### Task prompt
Copy out only the span from the line with "FHL tendon interposition: the" to the end of the data, both ends kept, word for word.
Data section: Begin
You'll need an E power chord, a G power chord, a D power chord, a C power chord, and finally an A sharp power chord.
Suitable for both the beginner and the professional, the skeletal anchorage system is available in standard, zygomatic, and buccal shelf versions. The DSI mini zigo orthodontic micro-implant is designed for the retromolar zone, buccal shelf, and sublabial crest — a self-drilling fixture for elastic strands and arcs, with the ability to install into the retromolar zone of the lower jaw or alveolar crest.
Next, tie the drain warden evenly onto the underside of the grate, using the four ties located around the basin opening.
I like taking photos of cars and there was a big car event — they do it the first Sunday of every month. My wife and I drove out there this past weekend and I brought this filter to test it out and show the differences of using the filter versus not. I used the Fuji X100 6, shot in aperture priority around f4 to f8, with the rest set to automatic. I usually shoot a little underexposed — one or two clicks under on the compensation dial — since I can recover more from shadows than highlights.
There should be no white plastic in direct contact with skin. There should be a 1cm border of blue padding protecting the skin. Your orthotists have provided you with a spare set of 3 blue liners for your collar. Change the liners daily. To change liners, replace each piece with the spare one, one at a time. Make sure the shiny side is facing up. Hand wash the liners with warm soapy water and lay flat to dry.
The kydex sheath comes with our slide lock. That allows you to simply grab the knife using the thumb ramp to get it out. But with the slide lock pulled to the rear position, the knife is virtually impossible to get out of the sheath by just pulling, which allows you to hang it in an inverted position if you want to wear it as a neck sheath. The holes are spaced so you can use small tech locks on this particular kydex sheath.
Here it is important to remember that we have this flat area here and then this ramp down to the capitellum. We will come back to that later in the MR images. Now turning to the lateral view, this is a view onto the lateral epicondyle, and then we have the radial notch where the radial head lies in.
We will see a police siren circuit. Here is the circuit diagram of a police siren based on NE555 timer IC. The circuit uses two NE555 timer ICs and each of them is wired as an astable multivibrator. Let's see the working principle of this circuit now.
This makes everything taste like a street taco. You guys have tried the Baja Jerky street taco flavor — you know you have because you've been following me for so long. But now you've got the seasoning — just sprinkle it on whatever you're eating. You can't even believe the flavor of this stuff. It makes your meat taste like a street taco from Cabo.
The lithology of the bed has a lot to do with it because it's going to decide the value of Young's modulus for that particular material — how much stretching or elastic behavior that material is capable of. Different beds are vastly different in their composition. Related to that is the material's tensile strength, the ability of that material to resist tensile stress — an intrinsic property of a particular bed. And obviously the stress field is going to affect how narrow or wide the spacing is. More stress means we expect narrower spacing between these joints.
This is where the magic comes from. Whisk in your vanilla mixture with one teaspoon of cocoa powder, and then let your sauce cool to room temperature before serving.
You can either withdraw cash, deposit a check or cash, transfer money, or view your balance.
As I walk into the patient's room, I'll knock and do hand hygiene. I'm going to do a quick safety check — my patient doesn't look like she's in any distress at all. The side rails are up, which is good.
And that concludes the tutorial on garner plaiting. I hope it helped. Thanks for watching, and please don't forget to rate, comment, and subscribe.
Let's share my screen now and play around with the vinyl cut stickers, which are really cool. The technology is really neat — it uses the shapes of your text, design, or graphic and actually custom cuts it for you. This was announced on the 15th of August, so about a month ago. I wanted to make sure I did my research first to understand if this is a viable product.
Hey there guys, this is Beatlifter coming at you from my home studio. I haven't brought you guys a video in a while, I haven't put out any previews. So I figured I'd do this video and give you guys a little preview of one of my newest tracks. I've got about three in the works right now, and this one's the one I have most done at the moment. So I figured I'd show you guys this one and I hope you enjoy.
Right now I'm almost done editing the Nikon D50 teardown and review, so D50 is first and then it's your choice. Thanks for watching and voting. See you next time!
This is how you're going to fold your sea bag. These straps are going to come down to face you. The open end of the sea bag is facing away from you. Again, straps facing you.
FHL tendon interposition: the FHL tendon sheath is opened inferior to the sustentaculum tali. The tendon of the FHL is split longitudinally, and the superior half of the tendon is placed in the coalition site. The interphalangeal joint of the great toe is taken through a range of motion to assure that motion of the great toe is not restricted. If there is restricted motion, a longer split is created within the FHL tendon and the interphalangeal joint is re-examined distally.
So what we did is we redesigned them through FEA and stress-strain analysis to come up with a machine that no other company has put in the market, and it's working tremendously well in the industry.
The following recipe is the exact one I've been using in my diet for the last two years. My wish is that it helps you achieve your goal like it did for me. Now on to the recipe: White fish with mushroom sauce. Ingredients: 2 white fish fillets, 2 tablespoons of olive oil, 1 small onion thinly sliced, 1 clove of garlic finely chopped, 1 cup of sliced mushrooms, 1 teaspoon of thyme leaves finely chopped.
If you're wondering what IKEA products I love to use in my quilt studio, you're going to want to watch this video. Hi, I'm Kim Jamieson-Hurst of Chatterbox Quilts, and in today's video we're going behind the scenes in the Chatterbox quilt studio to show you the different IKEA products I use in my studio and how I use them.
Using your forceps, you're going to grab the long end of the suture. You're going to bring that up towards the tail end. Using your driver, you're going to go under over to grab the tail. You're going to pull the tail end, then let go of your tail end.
Data section: End
### Problem solution
FHL tendon interposition: the FHL tendon sheath is opened inferior to the sustentaculum tali. The tendon of the FHL is split longitudinally, and the superior half of the tendon is placed in the coalition site. The interphalangeal joint of the great toe is taken through a range of motion to assure that motion of the great toe is not restricted. If there is restricted motion, a longer split is created within the FHL tendon and the interphalangeal joint is re-examined distally.
So what we did is we redesigned them through FEA and stress-strain analysis to come up with a machine that no other company has put in the market, and it's working tremendously well in the industry.
The following recipe is the exact one I've been using in my diet for the last two years. My wish is that it helps you achieve your goal like it did for me. Now on to the recipe: White fish with mushroom sauce. Ingredients: 2 white fish fillets, 2 tablespoons of olive oil, 1 small onion thinly sliced, 1 clove of garlic finely chopped, 1 cup of sliced mushrooms, 1 teaspoon of thyme leaves finely chopped.
If you're wondering what IKEA products I love to use in my quilt studio, you're going to want to watch this video. Hi, I'm Kim Jamieson-Hurst of Chatterbox Quilts, and in today's video we're going behind the scenes in the Chatterbox quilt studio to show you the different IKEA products I use in my studio and how I use them.
Using your forceps, you're going to grab the long end of the suture. You're going to bring that up towards the tail end. Using your driver, you're going to go under over to grab the tail. You're going to pull the tail end, then let go of your tail end.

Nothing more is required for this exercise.